Carlos Monsiváis e Sergio Pitol

In occasione del Premio Juan Rulfo vinto da Sergio Pitol nel 1999, il celebre scrittore e cronista messicano Carlos Monsiváis ha tracciato un divertito profilo dell’autore e delle sue opere: pubblichiamo oggi l’estratto su La divina.

estratto di «Sergio Pitol: l’autore e il suo biografo improbabile»
di Carlos Monsiváis

traduzione di Alice Lucchiaro

Pitol è solito variare il suo orizzonte tematico senza modificare un punto di partenza essenziale: senza la presenza o l’aura del grottesco, la normalità non ha senso. La divina è la storia di Dante de la Estrella, un povero diavolo astuto e falso, e del suo incontro con Marietta Karapetiz, somma sacerdotessa di un culto coprofilo che nasce dalle profondità della terra messicana tra i devoti del Santo Bambino del Campo. De la Estrella, isterico e battagliero, racconta di un suo disastroso viaggio a Istanbul alla famiglia Millares, che lo ascolta con indifferenza, repulsione e un ipnotico abbandono. Nella prima parte, noto delle somiglianze con Cronache di Bustos Domecq di Borges e Bioy Casares, il profondo squartamento della retorica neoclassica, la beffa degli stili culturali di un’epoca, la cui ridicolezza in qualche modo redime la parodia.

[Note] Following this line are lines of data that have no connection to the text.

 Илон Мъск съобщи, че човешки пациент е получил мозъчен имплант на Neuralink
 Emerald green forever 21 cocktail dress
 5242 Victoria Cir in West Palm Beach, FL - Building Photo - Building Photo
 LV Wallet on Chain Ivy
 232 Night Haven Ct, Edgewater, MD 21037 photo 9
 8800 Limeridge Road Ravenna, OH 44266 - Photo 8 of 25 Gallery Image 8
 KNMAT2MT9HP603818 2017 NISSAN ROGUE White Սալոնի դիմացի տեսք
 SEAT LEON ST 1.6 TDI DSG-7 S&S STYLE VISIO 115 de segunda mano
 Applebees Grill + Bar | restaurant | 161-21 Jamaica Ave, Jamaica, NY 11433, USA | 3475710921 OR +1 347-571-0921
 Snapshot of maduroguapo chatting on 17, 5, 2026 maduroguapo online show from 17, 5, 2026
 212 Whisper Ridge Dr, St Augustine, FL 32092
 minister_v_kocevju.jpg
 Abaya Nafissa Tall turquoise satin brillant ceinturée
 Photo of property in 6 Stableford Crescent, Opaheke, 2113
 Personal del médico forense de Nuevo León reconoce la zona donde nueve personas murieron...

Nel lungo monologo che è il corpo del romanzo, il linguaggio esasperato, estenuante e torrenziale è il personaggio più vero, esaltazione degli incontri mancati e della coprofilia, quel rifugio e quella visione diafana di Dante de la Estrella. Non tanto sfondo umoristico come scenario del grand-guignol del linguaggio e dei caratteri, La divina accoglie la prolungata imprecazione di un personaggio contro la vita, così come la furia delle situazioni contro i personaggi. Ed essendo la merda alimento inconcepibile e reale, si esige che il lettore vada oltre il cattivo gusto espresso nei dialoghi sul machismo e ammetta che alla scatologia si giunge anche per esasperazione retorica. Il delirio di Dante C. de la Estrella per la materia organica è talmente dettagliato che finisce per identificare l’escremento con la sua frustrazione e liberazione, con un salto che nel cinema lo avvicinerebbe di più a John Waters che non al Pasolini di Salò. «Ovunque proteggi la tua gente, Santo Bimbo incontinente!».